Our first year of existence, we were a rag-tag bunch that, if memory serves, didn’t win a single game but we had fun. We had a catcher, Jug Martin, who caught while barefoot. We had another catcher a few years later, Butch Bryant, who batted with his shin guards on. He wasn’t very fast down the line anyway, so it probably didn’t matter.

We had a couple of pitchers that are worth remembering—not for their ability, God knows. One, we knew only as Early Wynn. It was not the Early Wynn who pitched for the Washington Senators, Cleveland Indians and Chicago White Sox over a 23-year major league career but one who, after walking the third consecutive batter on just 12 pitches (that’s right, he didn’t throw a single strike) got the ball back from the catcher and tried to slam the ball into his glove in frustration—and missed, the ball bouncing on the infield grass.

Another pitcher, we knew only as Rusty Staub. Again, not the red-headed Houston Astros, New York Mets, Montreal Expos—known there as “Le Grand Orange”— player who hailed from New Orleans. Our Rusty Staub gained his name by virtue of his showing up one day wearing a Houston Astros cap. I knew he didn’t have much by way of talent but I put him in one game that we obviously weren’t going to win and he nearly killed outstanding catcher Wayne Baxter with one wild pitch after another. At one point, as he chased down yet another wile pitch, Baxter was heard to mutter, “I’m gonna kill Aswell.”
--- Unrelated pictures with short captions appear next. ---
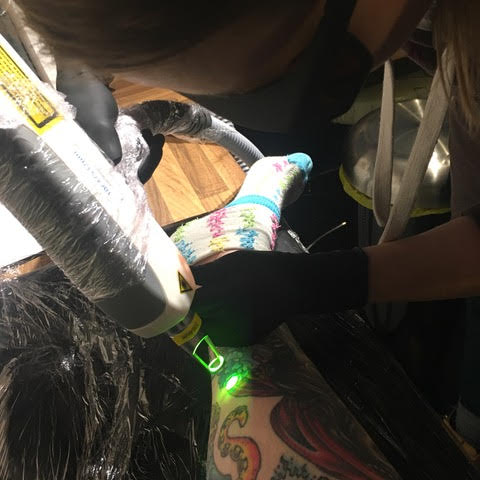 Laser tattoo removal at Folklore Tattoo Studio
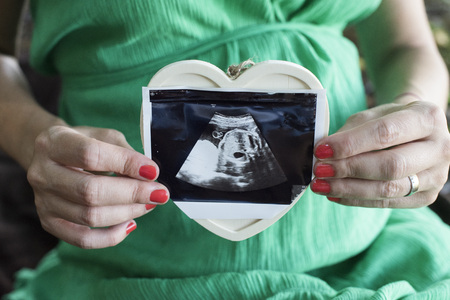 A pregnant woman with baby's ultrasound in her hands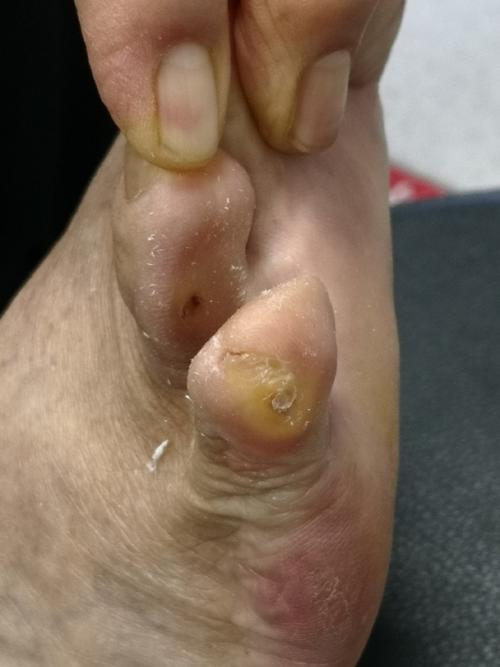 为什么脚长鸡眼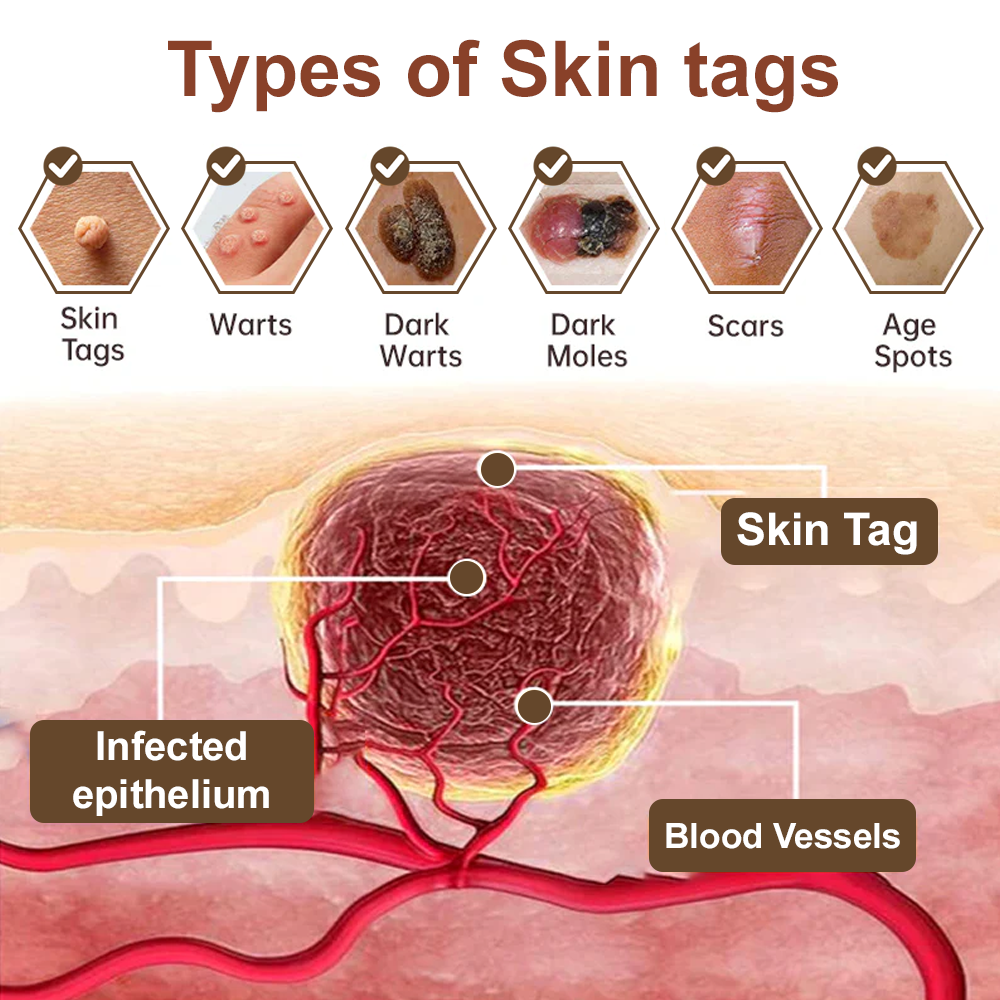 Celsiora® Black Rice Skin Repair Essence Cream ⚕️ FDA Certified (Removes warts and skin growths, improves keratin buildup and seborrheic dermatitis, follicular keratosis, age spots, and bruising)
The best play ever was when Jack Thigpen pulled an unassisted triple play. I don’t remember the opponent, but they had runners on first and second with no outs when they put on the hit and run. With a left-handed hitter, shortstop Thigpen moved over to cover second on the steal and as luck would have it, the batter hit a line drive right over second. Jack went airborne, speared the ball for the first out, landed on second, doubling off the runner going from second to third and reached down and tagged the runner from first as he slid into second, apparently unaware of where the ball was.

Jack, a light-hitting player, hit two triples and drove in all three runs in another 3-2 win in an exhibition game against a far superior team comprised mostly of stellar Grambling College players the same year that Grambling went to the NAIA playoffs behind Ralph Garr who hit something like .582 his senior year. Thankfully, he had already signed with the Atlanta Braves before that game and didn’t participate.

Back to my game-winning hit. I came up in the top of the ninth at Arcadia and with a runner on third, lined an improbable single. The runner at third was so stunned he nearly forgot to run. In the bottom of the ninth, I promptly allowed a leadoff triple over my head in left field. Now the Aces had the tying run on third with no outs. Pitcher Bill Duncan, who could play any position and who once while catching, picked a runner off second without ever coming out of his crouch, called out the catcher and said, “Nothing but fast balls.”

Nine fast balls latter, the last of three consecutive batters struck out swinging and we had a rare win over Arcadia.

We also played a classic game against Arcadia in Ruston. With no score in the bottom of the seventh, Thigpen scored what was apparently the game’s first run but an appeal resulted in his being called out for missing third. So we went to the 11th and Arcadia scored two runs. We answered by scratching out two of our own in the bottom of the 11th and the game went to the 17th inning before Rennie Howard stole home for another of those 3-2 wins.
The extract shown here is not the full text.